• EXERCISE DATA:
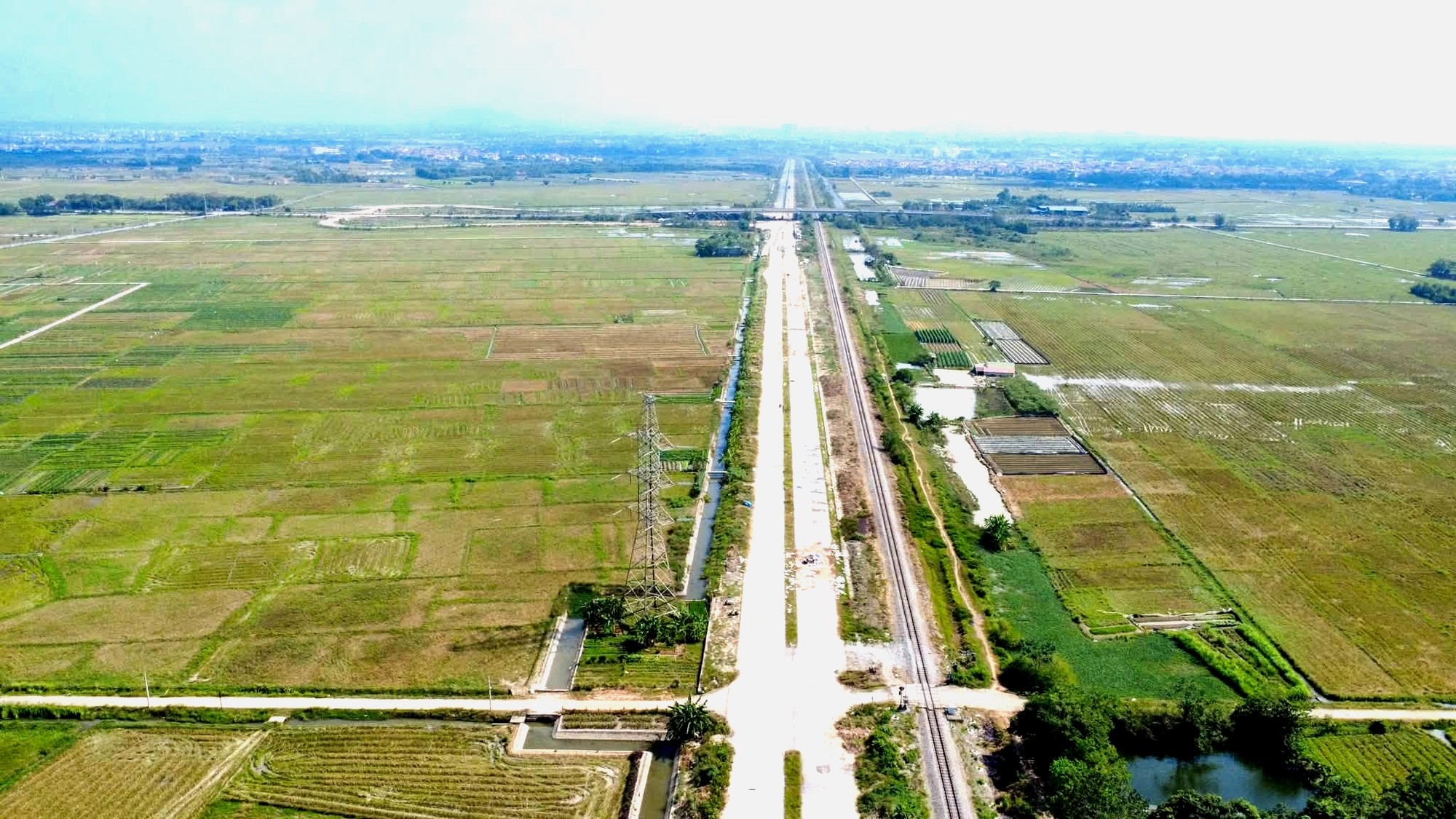 Ph&uacute; Thọ: Bảo đảm an ninh đẩy nhanh tiến độ đường song song đường sắt H&agrave; Nội - L&agrave;o Cai - Ảnh 3.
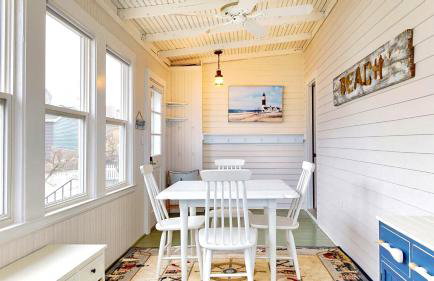 Driftwood Cottage by Bayley Vacation Rentals - Foto 16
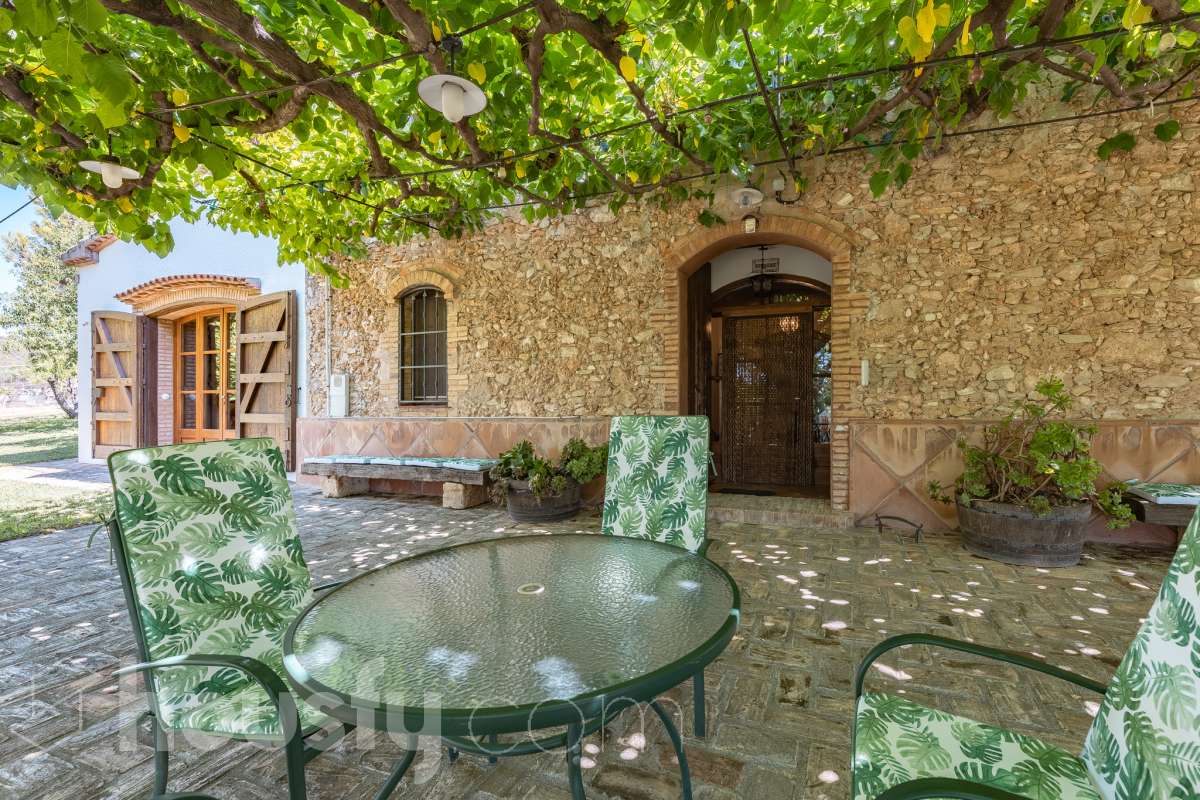 Housfy vende masía histórica de finales del S.XIX – El corazón del Penedès Descubra esta excepcional masía de piedra, un oasis de tranquilidad y autenticidad restaurado minuciosamente en 2010. Con una superficie construida de 351 m² sobre una extensa parcela de 8.502 m², esta propiedad combina a la perfección la tradición arquitectónica catalana con el máximo confort moderno. Lo que hace única a esta propiedad: Arquitectura y carácter: Restauración fiel que preserva elementos originales: vigas de madera de melis, techos de "volta catalana", suelos de mosaico antiguo y carpintería tradicional. Un viaje en el tiempo sin renunciar a las comodidades actuales. Entorno privilegiado: Ubicada en el corazón vinícola del Penedès, a tan solo 50 km de Barcelona y el aeropuerto, y a 20 km de Sitges. Disfrute de un entorno natural rodeado de viñedos, perfecto para actividades al aire libre como senderismo o rutas ecuestres. Zona exterior diseñada para disfrutar: Un espacio exterior con porches de columnas milenarias, piscina y una completa zona de barbacoa/horno de leña tradicional. Incluye una zona de sombra natural bajo moreras centenarias, huerto privado, frutales y un espacio polivalente de 3.700 m² apto para instalaciones hípicas. Sostenibilidad y equipamiento: La casa cuenta con sistema de calefacción geotérmica de alta eficiencia, pozos propios (caudal garantizado de 9.000 l/h), depuradora ecológica y conexión a fibra óptica, garantizando un funcionamiento autónomo y eficiente. Distribución y detalles: Amplios espacios interiores, incluyendo una biblioteca, cocina rústica de 28 m² con chimenea, gran salón de reuniones con capacidad para 24 comensales y bodega. La planta superior conserva el encanto original con acceso a un desván polivalente de 90 m². Esta propiedad es ideal para quienes buscan una residencia singular, un refugio de fin de semana o una oportunidad de inversión en una de las zonas más demandadas y con mayor encanto de Cataluña. Quiere visitarla? Contacte con Housfyy agende su visita sin compromiso. Más información en: housfy.com-56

• TASK ITEM:
Beginning with the first line of the material above, please output each line exactly through the line that contains "Driftwood Cottage by", and only those, leaving out pictures.

• RESPONSE:
 Ph&uacute; Thọ: Bảo đảm an ninh đẩy nhanh tiến độ đường song song đường sắt H&agrave; Nội - L&agrave;o Cai - Ảnh 3.
 Driftwood Cottage by Bayley Vacation Rentals - Foto 16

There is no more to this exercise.